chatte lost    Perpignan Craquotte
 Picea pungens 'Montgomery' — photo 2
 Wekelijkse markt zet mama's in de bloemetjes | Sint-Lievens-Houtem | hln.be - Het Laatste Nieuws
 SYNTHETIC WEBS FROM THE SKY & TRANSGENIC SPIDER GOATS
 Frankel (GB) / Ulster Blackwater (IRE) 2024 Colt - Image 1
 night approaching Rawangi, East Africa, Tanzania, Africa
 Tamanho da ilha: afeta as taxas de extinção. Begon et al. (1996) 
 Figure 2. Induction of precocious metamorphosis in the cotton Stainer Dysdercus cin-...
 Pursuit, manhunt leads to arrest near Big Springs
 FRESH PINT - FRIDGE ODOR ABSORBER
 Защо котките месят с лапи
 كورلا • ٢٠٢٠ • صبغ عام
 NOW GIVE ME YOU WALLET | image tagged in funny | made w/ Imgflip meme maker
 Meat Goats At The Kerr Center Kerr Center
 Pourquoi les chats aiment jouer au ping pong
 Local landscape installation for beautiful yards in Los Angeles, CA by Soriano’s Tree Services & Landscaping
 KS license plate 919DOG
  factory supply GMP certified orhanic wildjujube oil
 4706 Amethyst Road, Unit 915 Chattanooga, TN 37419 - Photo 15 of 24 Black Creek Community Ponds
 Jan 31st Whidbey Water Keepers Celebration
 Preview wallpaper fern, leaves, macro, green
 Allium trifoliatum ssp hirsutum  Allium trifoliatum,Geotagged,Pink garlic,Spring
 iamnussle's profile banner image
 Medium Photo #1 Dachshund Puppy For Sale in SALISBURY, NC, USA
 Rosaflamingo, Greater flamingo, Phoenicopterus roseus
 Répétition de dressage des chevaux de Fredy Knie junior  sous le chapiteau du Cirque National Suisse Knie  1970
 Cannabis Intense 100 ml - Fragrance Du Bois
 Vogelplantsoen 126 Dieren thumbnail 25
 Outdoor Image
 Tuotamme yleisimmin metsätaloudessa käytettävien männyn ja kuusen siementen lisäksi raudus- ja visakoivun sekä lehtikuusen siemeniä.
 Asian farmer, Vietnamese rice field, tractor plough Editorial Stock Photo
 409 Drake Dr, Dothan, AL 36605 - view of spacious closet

______________________________

▸ Work request: Set down exactly, and only, the lines from the one with "Répétition de dressage" to the final line of the data.

▸ Solution:
 Répétition de dressage des chevaux de Fredy Knie junior  sous le chapiteau du Cirque National Suisse Knie  1970
 Cannabis Intense 100 ml - Fragrance Du Bois
 Vogelplantsoen 126 Dieren thumbnail 25
 Outdoor Image
 Tuotamme yleisimmin metsätaloudessa käytettävien männyn ja kuusen siementen lisäksi raudus- ja visakoivun sekä lehtikuusen siemeniä.
 Asian farmer, Vietnamese rice field, tractor plough Editorial Stock Photo
 409 Drake Dr, Dothan, AL 36605 - view of spacious closet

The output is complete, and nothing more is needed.